Without a shared evaluation model, feedback stayed subjective. Teams couldn't compare results, identify patterns, or determine where the system was actually failing. Issues persisted without a clear path to improvement.
The approach
I designed and ran the evaluation system end-to-end: recruiting seven product teams, building the 3C scoring model (Correctness, Completeness, Clarity), training evaluators, coordinating participation, and reporting findings directly to the system architect.
The system combined centralized Q&A datasets, standardized scoring, and repeated test cycles. Each cycle was designed so findings could feed directly back into content, retrieval, and system tuning — because the organization owned the full RAG stack.
What the data showed
The evaluation separated low-scoring responses by failure type — completeness failures versus accuracy failures. Across 949 responses from seven teams, the average score was 3.63, with 35% falling below the target threshold.
The dominant failure mode was missing context: responses factually accurate but lacking the adjacent information a user needed to act. The data made visible which layer of the knowledge system was responsible for each failure type.
Content
- Coverage gaps led to incomplete responses
- Over-chunked content reduced available context
- Weak structure made key information harder to retrieve
Retrieval
- Index gaps prevented high-quality content from surfacing
- Ranking returned partial or lower-quality matches
- SEO gaps limited discoverability of relevant content
System
- Responses varied across identical inputs
- Failures clustered around specific question types
- Tuning lacked consistent, structured evaluation signals
How the findings were used
Per-team scorecards named specific gaps, not just overall scores. Content teams received prioritized improvement lists based on question-level failure patterns. Retrieval issues were traced to specific breakdowns in indexing, ranking, and content coverage. Engineering teams received structured findings they could act on — not anecdotal feedback.

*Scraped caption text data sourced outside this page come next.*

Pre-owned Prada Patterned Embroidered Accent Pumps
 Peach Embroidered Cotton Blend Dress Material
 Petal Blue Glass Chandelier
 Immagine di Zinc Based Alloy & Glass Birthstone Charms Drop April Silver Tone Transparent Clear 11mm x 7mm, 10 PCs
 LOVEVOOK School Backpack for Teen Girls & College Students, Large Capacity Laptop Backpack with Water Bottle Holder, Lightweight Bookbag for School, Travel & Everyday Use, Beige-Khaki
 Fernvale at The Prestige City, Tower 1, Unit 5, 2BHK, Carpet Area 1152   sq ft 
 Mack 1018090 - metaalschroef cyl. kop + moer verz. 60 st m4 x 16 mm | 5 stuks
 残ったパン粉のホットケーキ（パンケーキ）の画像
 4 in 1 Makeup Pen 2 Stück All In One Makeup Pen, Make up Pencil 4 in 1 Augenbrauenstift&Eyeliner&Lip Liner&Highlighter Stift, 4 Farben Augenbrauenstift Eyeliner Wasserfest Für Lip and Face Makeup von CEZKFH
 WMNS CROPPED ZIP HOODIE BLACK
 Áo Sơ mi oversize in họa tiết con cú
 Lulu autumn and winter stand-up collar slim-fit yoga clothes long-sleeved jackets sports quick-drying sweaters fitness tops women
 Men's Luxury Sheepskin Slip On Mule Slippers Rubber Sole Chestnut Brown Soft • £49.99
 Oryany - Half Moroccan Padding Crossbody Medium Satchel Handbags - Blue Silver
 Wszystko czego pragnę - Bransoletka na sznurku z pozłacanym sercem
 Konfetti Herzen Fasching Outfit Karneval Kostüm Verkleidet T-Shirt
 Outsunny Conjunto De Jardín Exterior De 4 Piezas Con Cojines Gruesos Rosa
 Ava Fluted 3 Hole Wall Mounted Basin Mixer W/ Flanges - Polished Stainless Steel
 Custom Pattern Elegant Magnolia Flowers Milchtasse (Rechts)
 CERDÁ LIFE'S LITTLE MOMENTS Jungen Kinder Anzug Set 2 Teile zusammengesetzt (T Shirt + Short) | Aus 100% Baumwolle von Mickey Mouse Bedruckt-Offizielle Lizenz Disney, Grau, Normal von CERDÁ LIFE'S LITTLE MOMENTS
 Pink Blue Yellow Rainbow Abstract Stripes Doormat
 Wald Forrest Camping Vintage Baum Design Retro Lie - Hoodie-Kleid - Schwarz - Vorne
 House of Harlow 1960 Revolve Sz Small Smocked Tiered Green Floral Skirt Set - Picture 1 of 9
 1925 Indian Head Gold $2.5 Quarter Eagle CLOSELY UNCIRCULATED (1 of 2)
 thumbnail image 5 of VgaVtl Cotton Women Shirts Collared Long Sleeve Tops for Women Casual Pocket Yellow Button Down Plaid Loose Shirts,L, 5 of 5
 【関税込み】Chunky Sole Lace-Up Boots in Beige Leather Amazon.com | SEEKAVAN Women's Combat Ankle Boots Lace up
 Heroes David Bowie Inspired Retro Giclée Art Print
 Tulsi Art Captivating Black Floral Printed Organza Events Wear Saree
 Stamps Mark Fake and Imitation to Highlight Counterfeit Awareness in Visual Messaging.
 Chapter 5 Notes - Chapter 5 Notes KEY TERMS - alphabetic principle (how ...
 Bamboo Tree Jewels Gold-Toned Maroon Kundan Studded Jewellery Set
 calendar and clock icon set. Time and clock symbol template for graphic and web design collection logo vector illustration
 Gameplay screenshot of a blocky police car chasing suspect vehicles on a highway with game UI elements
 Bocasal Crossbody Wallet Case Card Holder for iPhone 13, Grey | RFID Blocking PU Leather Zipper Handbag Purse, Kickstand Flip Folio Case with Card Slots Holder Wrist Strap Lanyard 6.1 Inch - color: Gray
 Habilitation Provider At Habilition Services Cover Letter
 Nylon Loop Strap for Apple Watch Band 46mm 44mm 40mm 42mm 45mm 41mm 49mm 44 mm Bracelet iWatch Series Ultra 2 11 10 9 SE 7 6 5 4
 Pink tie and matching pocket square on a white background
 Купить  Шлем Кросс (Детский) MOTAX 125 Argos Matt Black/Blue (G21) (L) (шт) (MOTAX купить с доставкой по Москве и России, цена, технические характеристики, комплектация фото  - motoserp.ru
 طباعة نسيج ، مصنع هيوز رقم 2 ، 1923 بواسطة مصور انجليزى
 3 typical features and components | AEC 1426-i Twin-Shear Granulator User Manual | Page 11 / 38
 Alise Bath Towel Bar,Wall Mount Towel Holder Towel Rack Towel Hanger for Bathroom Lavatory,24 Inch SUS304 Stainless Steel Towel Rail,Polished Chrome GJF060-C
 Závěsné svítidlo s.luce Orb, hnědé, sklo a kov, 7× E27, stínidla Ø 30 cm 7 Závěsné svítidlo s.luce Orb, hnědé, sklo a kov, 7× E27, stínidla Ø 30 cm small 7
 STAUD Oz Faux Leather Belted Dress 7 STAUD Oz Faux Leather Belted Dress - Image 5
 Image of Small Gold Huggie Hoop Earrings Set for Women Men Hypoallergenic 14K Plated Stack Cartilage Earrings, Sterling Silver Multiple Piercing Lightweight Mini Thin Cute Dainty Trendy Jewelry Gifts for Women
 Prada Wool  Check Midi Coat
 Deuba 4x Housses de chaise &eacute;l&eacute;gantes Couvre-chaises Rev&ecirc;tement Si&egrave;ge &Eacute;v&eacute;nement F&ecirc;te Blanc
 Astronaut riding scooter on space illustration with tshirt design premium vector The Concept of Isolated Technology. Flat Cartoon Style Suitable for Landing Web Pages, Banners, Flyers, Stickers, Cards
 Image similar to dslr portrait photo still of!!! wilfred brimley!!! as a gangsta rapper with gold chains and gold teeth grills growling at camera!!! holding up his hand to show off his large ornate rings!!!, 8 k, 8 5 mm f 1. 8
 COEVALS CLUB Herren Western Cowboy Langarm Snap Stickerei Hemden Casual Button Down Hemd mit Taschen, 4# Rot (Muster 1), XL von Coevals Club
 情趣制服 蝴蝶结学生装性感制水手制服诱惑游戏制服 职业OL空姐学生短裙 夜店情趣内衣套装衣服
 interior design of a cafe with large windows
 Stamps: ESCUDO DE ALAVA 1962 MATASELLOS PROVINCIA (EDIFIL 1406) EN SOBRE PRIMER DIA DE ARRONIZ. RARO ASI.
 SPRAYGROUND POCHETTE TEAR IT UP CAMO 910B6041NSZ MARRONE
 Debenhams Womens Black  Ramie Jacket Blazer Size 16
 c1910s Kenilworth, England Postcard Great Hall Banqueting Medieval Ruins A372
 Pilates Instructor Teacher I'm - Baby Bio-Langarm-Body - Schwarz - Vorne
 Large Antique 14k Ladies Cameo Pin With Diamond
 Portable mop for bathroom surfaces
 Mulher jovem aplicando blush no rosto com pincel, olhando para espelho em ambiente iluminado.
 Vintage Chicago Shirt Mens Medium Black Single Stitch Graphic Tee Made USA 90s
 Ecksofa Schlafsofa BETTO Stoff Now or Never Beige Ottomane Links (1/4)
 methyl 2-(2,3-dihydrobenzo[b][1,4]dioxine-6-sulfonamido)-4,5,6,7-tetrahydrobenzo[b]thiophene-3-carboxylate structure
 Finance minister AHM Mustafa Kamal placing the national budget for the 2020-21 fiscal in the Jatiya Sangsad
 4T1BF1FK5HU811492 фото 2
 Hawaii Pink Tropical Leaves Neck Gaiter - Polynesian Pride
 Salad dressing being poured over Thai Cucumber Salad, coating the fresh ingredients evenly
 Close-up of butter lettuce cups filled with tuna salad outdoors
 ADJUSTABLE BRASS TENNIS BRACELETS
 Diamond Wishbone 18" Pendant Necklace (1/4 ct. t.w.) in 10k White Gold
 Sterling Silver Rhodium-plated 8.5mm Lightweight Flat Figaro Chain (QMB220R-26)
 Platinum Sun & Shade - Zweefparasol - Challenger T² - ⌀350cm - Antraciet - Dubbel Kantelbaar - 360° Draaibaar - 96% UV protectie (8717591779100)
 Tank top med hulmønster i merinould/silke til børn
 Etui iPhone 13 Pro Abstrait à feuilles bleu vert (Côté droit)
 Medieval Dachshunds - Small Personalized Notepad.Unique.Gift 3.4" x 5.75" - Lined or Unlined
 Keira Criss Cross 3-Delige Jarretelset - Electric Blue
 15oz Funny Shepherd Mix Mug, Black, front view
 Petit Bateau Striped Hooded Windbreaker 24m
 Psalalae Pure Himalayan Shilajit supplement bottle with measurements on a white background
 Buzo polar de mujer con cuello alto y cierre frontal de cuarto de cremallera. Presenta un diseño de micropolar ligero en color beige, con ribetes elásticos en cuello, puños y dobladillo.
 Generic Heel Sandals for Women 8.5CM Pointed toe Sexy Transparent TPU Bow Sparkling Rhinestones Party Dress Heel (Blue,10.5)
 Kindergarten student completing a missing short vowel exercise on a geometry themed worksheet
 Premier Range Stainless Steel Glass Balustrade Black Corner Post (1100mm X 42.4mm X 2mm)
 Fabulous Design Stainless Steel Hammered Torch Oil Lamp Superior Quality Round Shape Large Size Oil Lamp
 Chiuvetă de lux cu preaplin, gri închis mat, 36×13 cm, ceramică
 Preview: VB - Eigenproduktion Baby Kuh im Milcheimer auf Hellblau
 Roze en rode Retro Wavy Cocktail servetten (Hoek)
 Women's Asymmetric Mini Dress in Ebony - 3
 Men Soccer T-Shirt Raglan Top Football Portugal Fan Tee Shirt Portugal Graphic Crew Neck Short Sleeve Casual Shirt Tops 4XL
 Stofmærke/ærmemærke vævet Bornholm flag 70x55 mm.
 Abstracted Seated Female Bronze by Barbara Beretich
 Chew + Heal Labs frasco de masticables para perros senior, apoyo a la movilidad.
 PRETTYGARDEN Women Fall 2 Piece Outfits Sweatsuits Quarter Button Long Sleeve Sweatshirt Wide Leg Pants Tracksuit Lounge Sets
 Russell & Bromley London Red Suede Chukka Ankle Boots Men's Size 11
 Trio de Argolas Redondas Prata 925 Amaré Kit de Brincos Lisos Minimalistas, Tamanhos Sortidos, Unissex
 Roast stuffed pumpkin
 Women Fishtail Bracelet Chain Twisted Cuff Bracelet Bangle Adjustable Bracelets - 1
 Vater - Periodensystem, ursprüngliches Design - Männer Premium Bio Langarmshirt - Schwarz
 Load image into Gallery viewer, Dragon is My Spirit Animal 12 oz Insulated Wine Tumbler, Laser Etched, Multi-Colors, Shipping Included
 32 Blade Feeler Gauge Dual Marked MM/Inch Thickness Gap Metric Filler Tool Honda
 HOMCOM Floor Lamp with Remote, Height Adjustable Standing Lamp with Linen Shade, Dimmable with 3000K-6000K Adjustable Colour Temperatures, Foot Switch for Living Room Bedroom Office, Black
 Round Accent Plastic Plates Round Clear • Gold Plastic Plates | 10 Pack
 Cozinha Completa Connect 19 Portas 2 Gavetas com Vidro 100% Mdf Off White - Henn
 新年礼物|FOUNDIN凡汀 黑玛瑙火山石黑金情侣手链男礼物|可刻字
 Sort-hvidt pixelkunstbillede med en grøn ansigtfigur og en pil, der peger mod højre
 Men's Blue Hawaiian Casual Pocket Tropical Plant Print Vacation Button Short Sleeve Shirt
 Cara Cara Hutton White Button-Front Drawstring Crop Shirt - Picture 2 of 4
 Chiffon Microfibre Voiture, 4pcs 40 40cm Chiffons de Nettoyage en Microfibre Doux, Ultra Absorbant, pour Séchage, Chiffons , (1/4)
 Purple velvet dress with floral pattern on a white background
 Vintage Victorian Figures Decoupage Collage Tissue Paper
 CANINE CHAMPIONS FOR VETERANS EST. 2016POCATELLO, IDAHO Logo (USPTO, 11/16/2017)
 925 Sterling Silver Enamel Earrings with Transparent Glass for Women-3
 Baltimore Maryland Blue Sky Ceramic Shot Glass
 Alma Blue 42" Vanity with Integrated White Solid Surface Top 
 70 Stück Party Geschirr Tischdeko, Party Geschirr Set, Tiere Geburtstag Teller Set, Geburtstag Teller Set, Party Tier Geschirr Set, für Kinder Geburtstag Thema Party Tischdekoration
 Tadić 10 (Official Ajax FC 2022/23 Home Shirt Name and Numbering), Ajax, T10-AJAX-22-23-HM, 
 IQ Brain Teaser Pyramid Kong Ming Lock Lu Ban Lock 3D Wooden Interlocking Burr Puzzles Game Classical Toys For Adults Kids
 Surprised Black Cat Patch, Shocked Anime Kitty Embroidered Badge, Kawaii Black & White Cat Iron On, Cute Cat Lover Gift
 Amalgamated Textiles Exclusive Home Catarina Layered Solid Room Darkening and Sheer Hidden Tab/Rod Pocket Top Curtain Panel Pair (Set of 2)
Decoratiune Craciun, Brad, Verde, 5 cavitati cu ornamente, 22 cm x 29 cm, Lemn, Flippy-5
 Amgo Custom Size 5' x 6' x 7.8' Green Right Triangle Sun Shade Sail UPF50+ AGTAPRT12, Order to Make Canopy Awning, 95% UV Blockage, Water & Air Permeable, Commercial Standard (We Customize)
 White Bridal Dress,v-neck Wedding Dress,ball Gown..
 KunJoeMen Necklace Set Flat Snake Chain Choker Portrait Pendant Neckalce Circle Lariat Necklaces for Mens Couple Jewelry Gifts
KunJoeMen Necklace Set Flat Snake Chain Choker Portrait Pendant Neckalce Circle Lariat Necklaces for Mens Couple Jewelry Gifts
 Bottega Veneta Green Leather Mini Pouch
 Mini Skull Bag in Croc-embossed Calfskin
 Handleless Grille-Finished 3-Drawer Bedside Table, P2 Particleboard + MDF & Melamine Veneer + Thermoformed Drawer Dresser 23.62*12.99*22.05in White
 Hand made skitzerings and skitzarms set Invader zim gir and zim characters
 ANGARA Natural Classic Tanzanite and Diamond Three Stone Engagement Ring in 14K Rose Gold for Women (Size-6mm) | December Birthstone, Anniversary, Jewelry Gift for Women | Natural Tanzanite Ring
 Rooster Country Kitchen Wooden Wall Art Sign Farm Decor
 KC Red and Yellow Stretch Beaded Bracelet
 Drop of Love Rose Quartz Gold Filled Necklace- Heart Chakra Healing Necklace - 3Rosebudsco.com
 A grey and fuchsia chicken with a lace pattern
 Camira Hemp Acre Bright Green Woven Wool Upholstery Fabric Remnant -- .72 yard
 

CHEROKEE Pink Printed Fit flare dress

The evaluation gave each team a clear picture of which levers they controlled and where their failures were clustering. For many, it was the first time that picture existed.
A second cycle was planned but not executed before the program context changed. The reusable output was the evaluation framework itself: shared scoring criteria, test-cycle structure, and reporting patterns that teams could apply to future AI response reviews.